Tuesday, August 30, 2011

First, farewell

This trip and this blog have become an obsession of mine in the last 10 days. There are a lot of other thoughts that I need to examine -- context, insights, motivations, etc. -- but it's time to let this blog rest as the record of what was basically a really nutty vacation idea that became a head-spinning and energizing adventure. I won't bore you with what's to follow -- the poking and prodding, the strengthening, the focusing, the detection of weaknesses and the repackaging into what I hope can be a magazine article. We'll see about that. Meanwhile, hop in and enjoy the ride, and feel free to e-mail me at code612@gmail.com

(Again, for best results, read from the bottom up.) 

Monday, August 29, 2011

HItchhiking signs: Art, science, or neither?

Before I left on this trip, I bought a big, thick, Sharpie and a large piece of foam board, which I cut into smaller rectangles to make signs. I came to believe those with specific locations worked best.

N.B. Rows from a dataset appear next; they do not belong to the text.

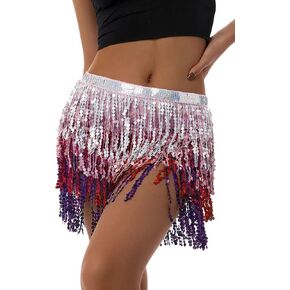 Yuemengxuan Women Sparkling Mini Skirts Sexy Sequin Tassel Party Skirts Halloween Club Cosplay Dress Up Tie Up Skirt Costume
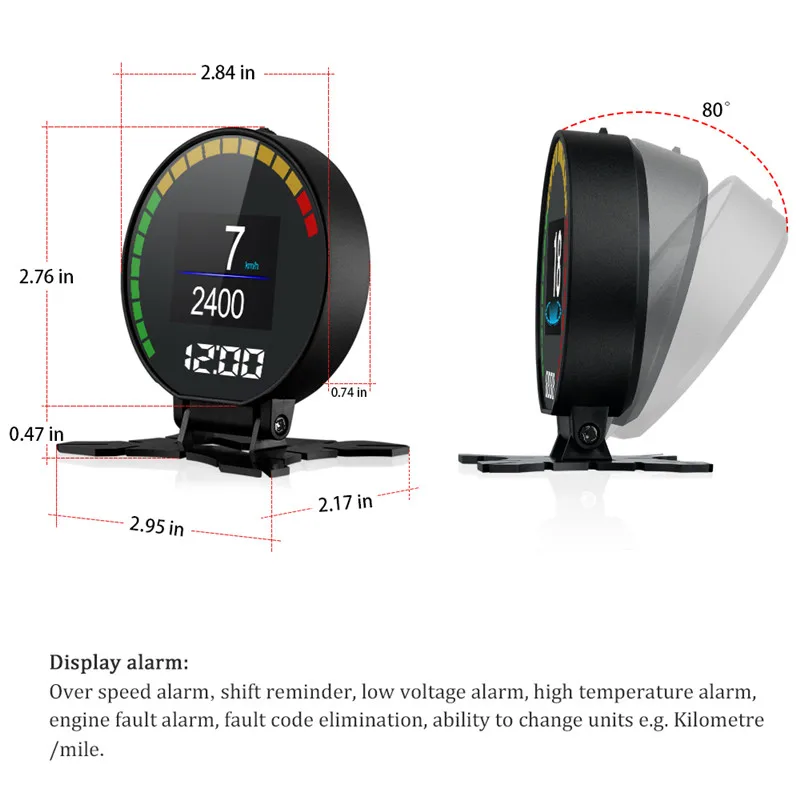 MALUOKASA Universal P15 Auto HUD Head Up Display OBD2 Überdrehzahl Warnung Projektor GPS Tacho Gaug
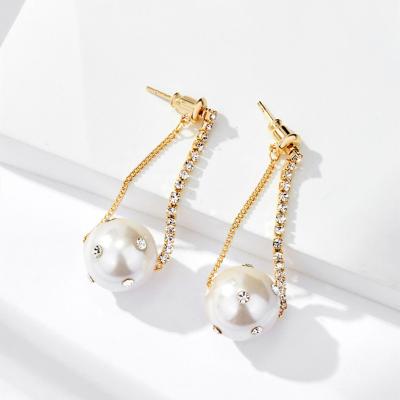 China Full Crystal Tassel Women Vintage Long Water Drop Pearl Earring Fashion TRENDY Korean Jewelry for sale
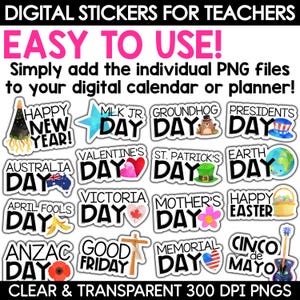 May include: A set of 16 digital stickers for teachers featuring various holidays and events throughout the year. The stickers are colorful and include illustrations of flags, animals, and other festive elements. The text on the stickers includes "Happy New Year", "MLK Jr. Day", "Groundhog Day", "Presidents Day", "Valentine's Day", "St. Patrick's Day", "Earth Day", "Australia Day", "April Fools Day", "Victoria Day", "Mother's Day", "Happy Easter", "Anzac Day", "Good Friday", "Memorial Day", and "Cinco de Mayo".
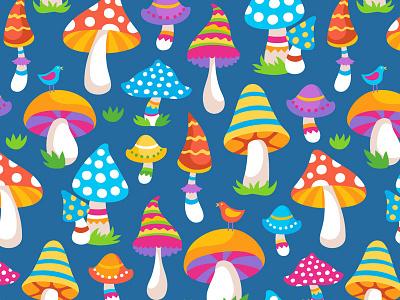 Crazy mushrooms colorful crazy design fabric mushroom pattern seamless textile vector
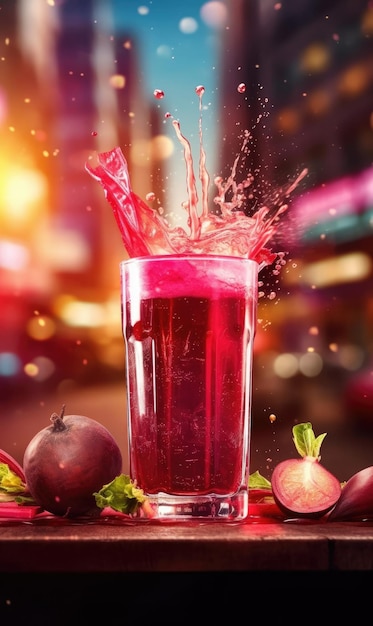 Beetroot juice with splashes with Beetroot fruit in studio background restaurant with garden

But the question remained: How close and how significant should the location on the sign be?
Here's how I used them: 

West. I started with this one, in Minnesota. (It's in the early blog post with the picture of me getting on the commuter train out of town. See "Departing in 2 minutes" post. ) It got me a couple of short rides the first day (see "Day 1 adventures" post). After holding it for two fruitless hours at the on-ramp at Albany, Minn., the second day, I sat down and made

NoDak. John Berger, the rodeo guy hauling bucking bulls who picked me up and took me all the way to Mandan (see "Clean Cut Fellows" post), said he was impressed I knew the local term for "North Dakota." 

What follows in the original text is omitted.